Return to your role as client of the Priority Queue and change the the functions pqSort and topK in pqclient.cpp to use your shiny new PQHeap in place of that pokey old PQSortedArray. The only change required is the type of the variable declaration – let's hear it for the power of abstraction! Re-run your previous time trial tests, increasing the sizes to a range appropriate for this zippy implementation.

The action of pqSort using PQHeap is akin to the sorting algorithm heapsort, a classic O(NlogN) performer. Streaming top-k should operate in time O(NlogK), using space proportional to K. That's some impressive work you've done!
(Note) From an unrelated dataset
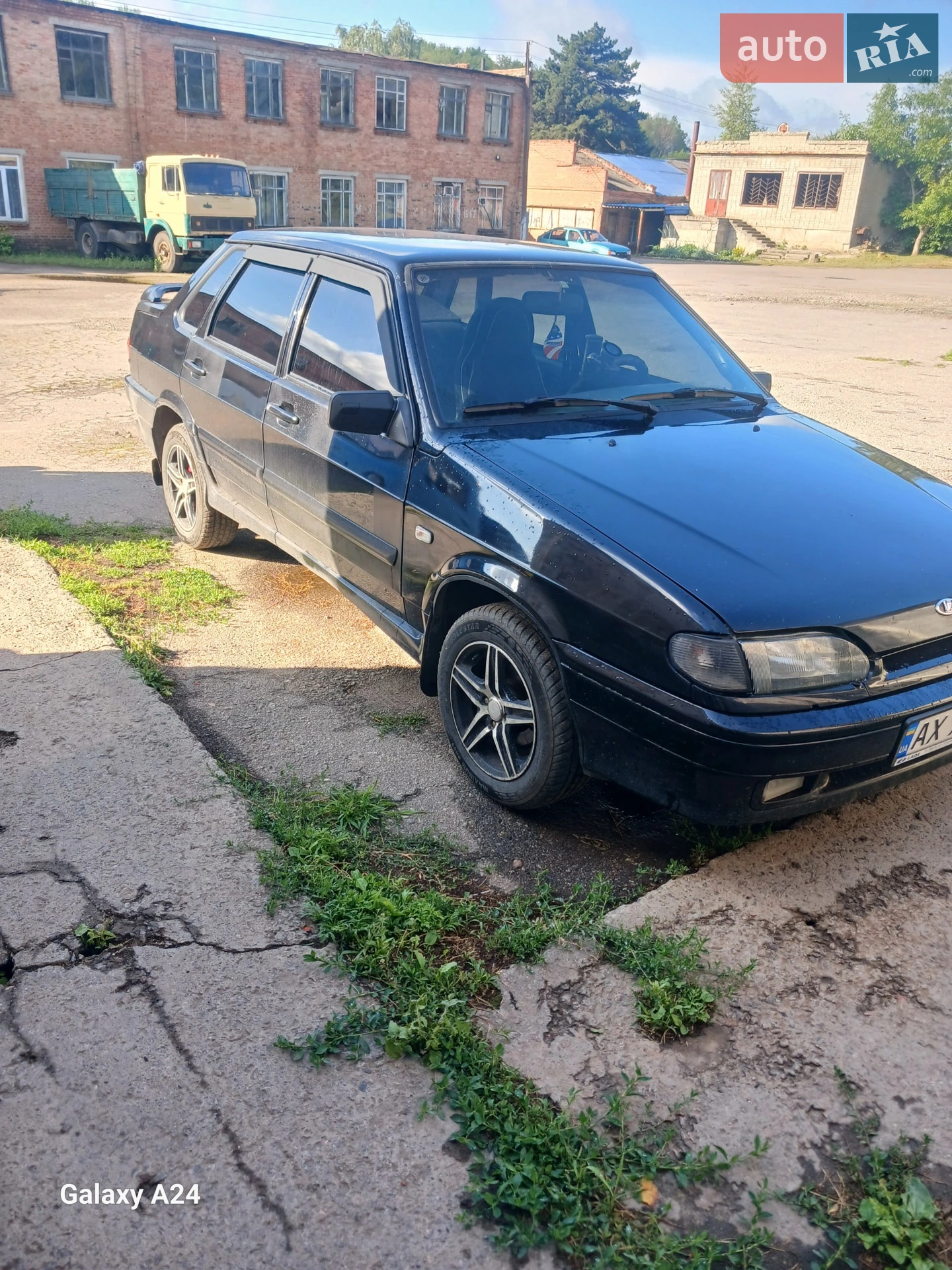 ВАЗ / Lada 2115 Samara, 2011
Answer the following questions in short_answer.txt:

  • Q12. Run timing trials and provide your results that confirm that pqSort runs in time O(NlogN) and topK in O(NlogK).

Extensions

Looking to go further with the priority queue? There are lots of directions you could take this project!
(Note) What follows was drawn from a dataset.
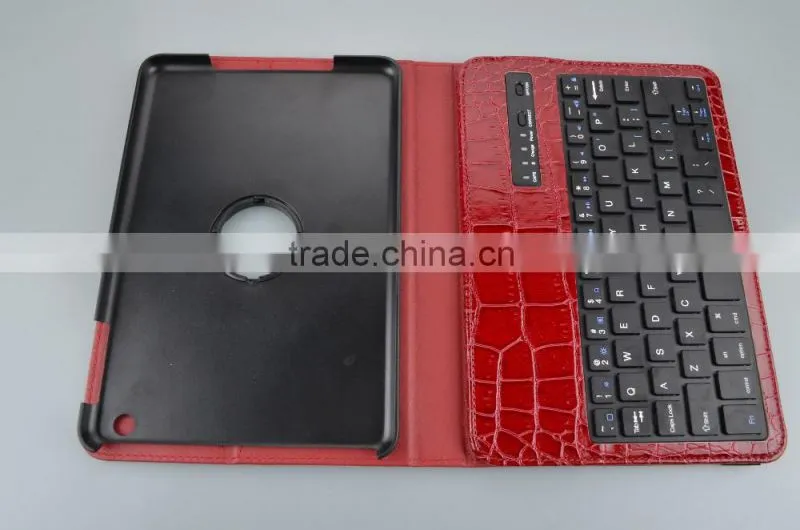 Folding PU and Silicon material bluetooth keyboard mini case mini bluetooth keyboard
  • Add a merge operation. One additional feature often needed when working with priority queues is the ability to merge two priority queues into one combined result. Extend your class to support such a merge member function. A rather uninspired way to do this is to add a loop that dequeues from one and enqueues to another, but ideally, merging should take advantage of the internal implementation to operate efficiently. Add timing trials for this operation and report what efficiency you can achieve for merge operation for each of the different implementations.
  • A double-ended priority queue supports both dequeueMin and dequeueMax operations. Extend your implementation(s) to add this facility. Which implementations can be adapted to provide to efficient access to both the min and max value?
  • Research and implement an alternative priority queue implementation. One of the reasons we love priority queues is because that are so many possible implementation strategies, each with different strengths and weaknesses. Here are a few other data structures you might research (in alphabetical order): binomial heaps, calendar queues, d-ary heaps, Fibonacci heaps, fishspears, leftist heaps, pairing heaps, skew heaps, skip lists, and weak heaps (and there are many others!). Code up one of these alternatives and share with us what you learned in the process.